1. The problem statement, all variables and given/known data

Show that for the one-dimensional linear harmonic oscillator the Hamiltonian is:
[; H = \frac{1}{2}[P^2+\omega ^2 X^2]-\frac{1}{2}\omega \hbar ;]

[; =\frac{1}{2}[P+i\omega X][P-i\omega X]+\frac{1}{2} \omega \hbar ;]

where P, X are the momentum and position operators, respectively, and [; X= \sqrt{m}x ;].

2. Relevant equations
[; H = \frac{1}{2}[P^2+\omega ^2 X^2]-\frac{1}{2}\omega \hbar ;]

[; =\frac{1}{2}[P+i\omega X][P-i\omega X]+\frac{1}{2} \omega \hbar ;]

[; X= \sqrt{m}x ;] [; P = p/ \sqrt{m}} ;]

Sch. Eqn.: [;-\frac{\hbar}{2m}\frac{d^2\Psi }{dx^2}+\frac{1}{2}m\omega^2x^2\Psi = E\Psi ;].

3. The attempt at a solution

So as from what I can tell [; [P+i\omega X] ;] refers to the +x direction and [;
[P-i\omega X] ;] is in the -x direction. The momentum operator is going to be [; P = p/ \sqrt{m}} ;].

Sch. Eqn.: [;-\frac{\hbar}{2m}\frac{d^2\Psi }{dx^2}+\frac{1}{2}m\omega^2x^2\Psi = E\Psi ;].

So what I assume is Sch.Eqn. must be solved algebraically. From there we can get our Hamiltonian.

Any suggestions?

2. Nov 28, 2015

nrqed

I corrected all your TeX tags so that the equations will show up properly.

First:, the $P \pm i \omega x$ have nothing to do with momentum along +x or -x, each P is actually $P_x$ and may be positive or negative.

The Hamiltonian is simply the operator H in $H \psi = E \psi$ so you may read it off directly from the Schrodinger equation that you wrote. Then to show the second form, you may simply expand out the second form and use what you know about the commutator of P and X.

3. Nov 29, 2015

Patrick McBride

Ok so I had a crack at it and this is what I've gotten:

$\frac{P^2}{2m} +\frac{1}{2}kx^2 =H$ Harmonic Oscillator Hamiltonian

$-\frac{\hbar^2}{2m} \frac{d^2\Psi }{dx^2}+\frac{1}{2}kx^2 \Psi = E \Psi$ Schrodinger Equation for energy eigenstates.

$\omega =\sqrt{\frac{k}{m}}$ Replace spring constant with classical oscillator frequency.

$\frac{p^2}{2m} = \frac{1}{2}(\frac{p}{\sqrt{m}})^2 = \frac{1}{2}P^2$ Simplifying using the momentum operator $P$.

$X^2 = (\sqrt{m}x)^2 = mx^2$ We can do the same for our position operator $X$.
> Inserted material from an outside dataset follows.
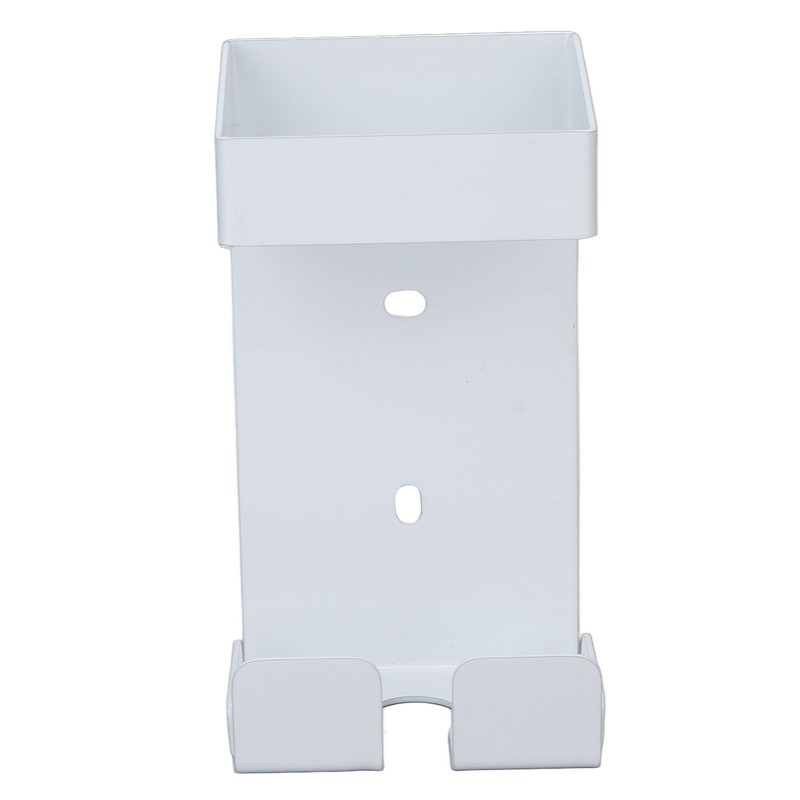 Wall Mounted Hair Curler Holder Stainless Steel Space Saving Curling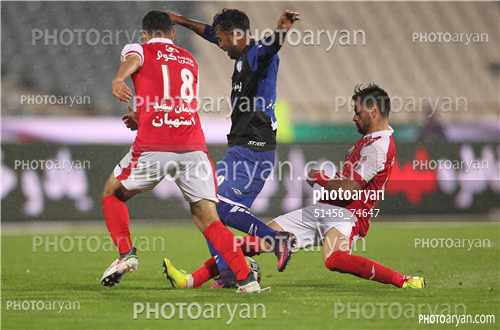 پرسپولیس 1 - استقلال خوزستان 0  (96/12/05)-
$H =\frac{1}{2}P^2 + \frac{1}{2}\omega ^2 X^2 = \frac{1}{2}(P^2 +\omega^2 X^2)$ Subbing into our equation for $H$.

That explains everything except $-1/2 \omega \hbar$ from the first equation.
Am I missing something?

4. Nov 29, 2015

nrqed

Good work.

The hamiltonian is actually defined up to an additive constant, that is one can *define* the Hamiltonian to be what you got plus any constant energy. This added constant is arbitrary. It is usually taken to be zero, in which case your expression would be the final answer. But what they did here is to choose the constant in such a way that the expectation value $\langle 0 | H | 0 \rangle =0$ , in other words they wanted the ground state energy to be zero (they should have mentioned that in the question, if they did not, they were not very clear). You probably know that the expectation value of the Hamiltonian in the ground state is usually given as $\hbar \omega/2$, that's what you would get with your expression. So they decided to subtract that value from your H H in order to achieve, with their hamiltonian, $\langle 0 | H | 0 \rangle =0$.

5. Nov 29, 2015

Patrick McBride

Cool, thanks for the explanation really helped out.